Start of DATASET CONTENT

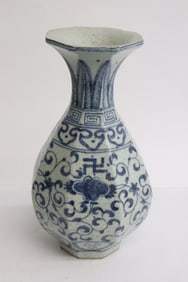 Fine Chinese blue and white porcelain vase
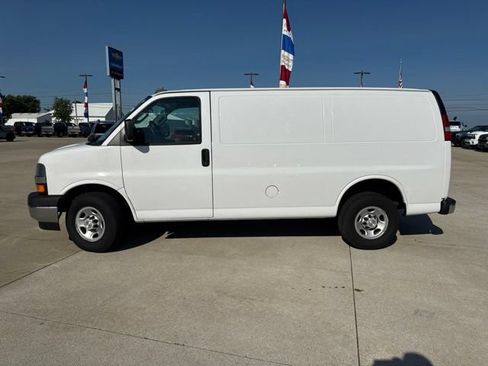 Used 2021 Chevrolet Express 2500 w/ Driver Convenience Package RWD image 2
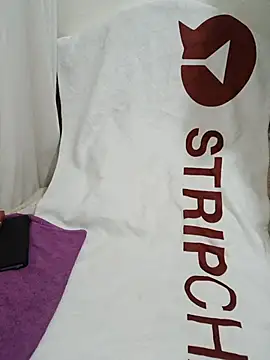 Snapshot of Mimo1402 chatting on 12-22-25, 08:06 Mimo1402 online show from 12-22-25, 08:06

End of DATASET CONTENT

→ **TASK OBJECTIVE**:
Write the lines above out again exactly, excluding every picture.

→ **THE COMPLETED TASK**:
 Fine Chinese blue and white porcelain vase
 Used 2021 Chevrolet Express 2500 w/ Driver Convenience Package RWD image 2
 Snapshot of Mimo1402 chatting on 12-22-25, 08:06 Mimo1402 online show from 12-22-25, 08:06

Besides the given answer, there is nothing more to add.